As negociações de um acordo de livre comércio entre Mercosul e União Europeia, que ficaram travadas por longo tempo, avançam em razão da maior vontade política para a construir a parceria, avaliam especialistas. Segundo eles, o Brasil ficou para trás no fechamento de acordos de livre comércio nos últimos anos e está perdendo mercados. Na sexta-feira, técnicos europeus e sul-americanos se reuniram em Bruxelas para apresentar mutuamente suas ofertas de acordo. A expectativa do governo brasileiro, divulgada pelo Ministério do Desenvolvimento, Indústria e Comércio Exterior, é que a troca de propostas definitivas ocorra até junho.
“Tudo indica que, hoje, é uma decisão de alto nível da presidenta (Dilma Rousseff) e do Ministério das Relações Exteriores levar adiante a negociação. Nos últimos dez, 15 anos, o Brasil ficou totalmente paralisado e não negociou nenhum acordo comercial importante. Esse imobilismo está reduzindo o avanço no comércio exterior, nas exportações. (O empenho em fechar o acordo entre Mercosul e União Europeia) sinaliza que o governo está disposto a retomar a política (de fechar acordos comerciais)”, analisa o embaixador José Botafogo Gonçalves, vice-presidente do Centro Brasileiro de Relações Internacionais (Cebri).
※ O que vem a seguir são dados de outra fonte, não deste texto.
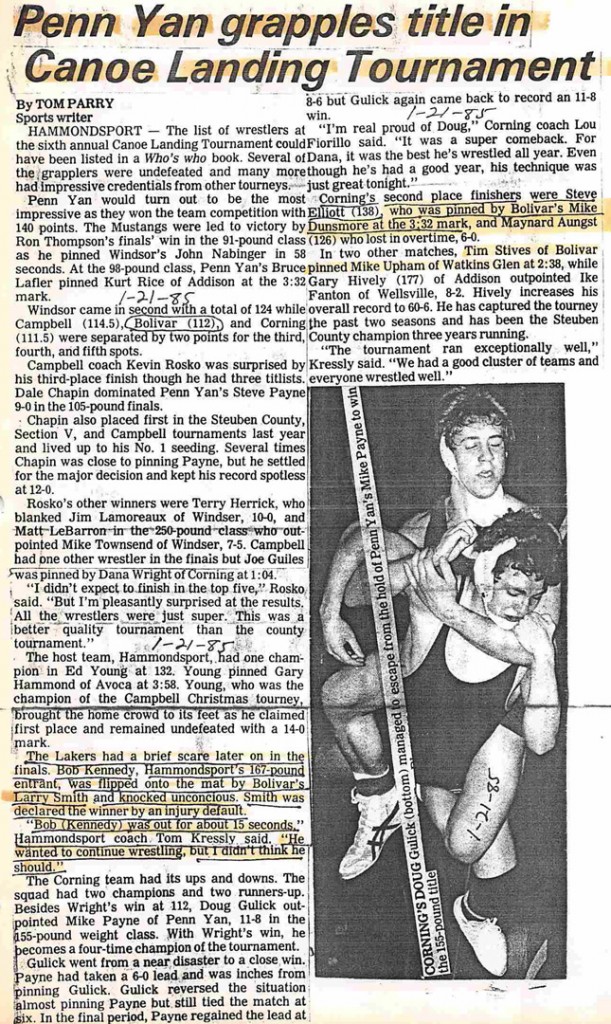 Penn Yan grapples title in Canoe Landing Tournament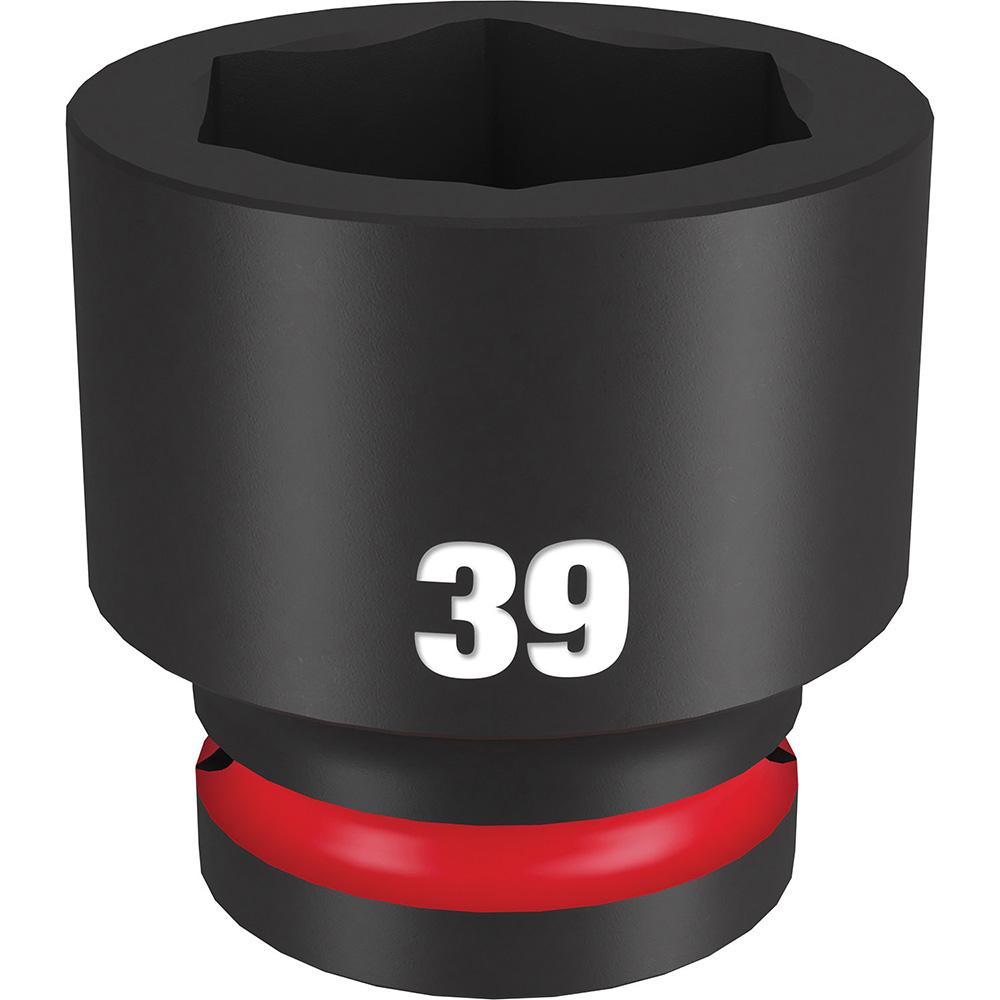 Impact Socket: 3/4" Drive, 39 mm Socket, Hex Drive - 6 Point, Black Phosphate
Botafogo ressalta que, caso a Argentina, país que mais demorou a formatar sua oferta para a União Europeia, siga colocando dificuldades, existe a opção de fechar o acordo com cronogramas distintos. “Se a Argentina não tiver condições de fazer uma oferta que a Europa considere válida, existe sempre a possibilidade de negociar em nome do Mercosul e implementar (o acordo) em velocidades diferentes. Brasil, Paraguai, Uruguai implementam mais rápido e Argentina mais lentamente”, diz ele, que não considera uma solução razoável o Brasil negociar sozinho.
“A União Europeia não tem mandato para negociar sozinha com o Brasil. É um problema do quadro jurídico. Só se recomeçasse do zero”, destacou, lembrando o acordo-quadro de cooperação entre os blocos em 1995, que levou ao início das negociações para o acordo de livre comércio em 2000. Em 2004 o diálogo foi interrompido, e só foi retomado em 2010.
O advogado Eduardo Felipe Matias, doutor em direito internacional, afirma que há uma pressão do setor privado sobre o Poder Público para que o acordo saia. “A negociação ganhou nova velocidade porque o empresariado se deu conta de que está perdendo mercado no mundo todo. O governo, que não tinha isso como prioridade, passou a ter e tem pressionado inclusive a Argentina”, diz. O advogado chama a atenção para as negociações entre União Europeia e Estados Unidos, por exemplo, cujo resultado pode afunilar ainda mais o mercado internacional para os produtos brasileiros.
Para ele, os impactos na indústria brasileira com o eventual ingresso de produtos europeus devem ser neutralizados com a preocupação em proteger setores mais frágeis e estratégicos na negociação. O Brasil também deverá contornar dificuldades para colocar principalmente seus produtos agrícolas no mercado europeu, que é protegido. “É um exercício de tentar equilibrar essa preocupação (de proteger alguns setores da indústria brasileira) com a constatação de que estamos perdendo mercado (internacional)”, avalia.
Os países do Mercosul construíram propostas separadas à União Europeia, com listas de itens nos quais estariam dispostos a conceder desoneração. A Venezuela, que ingressou recentemente no bloco, não participa das tratativas com a União Europeia porque ainda está cumprindo cronograma de adequação à tarifa comum do Mercosul.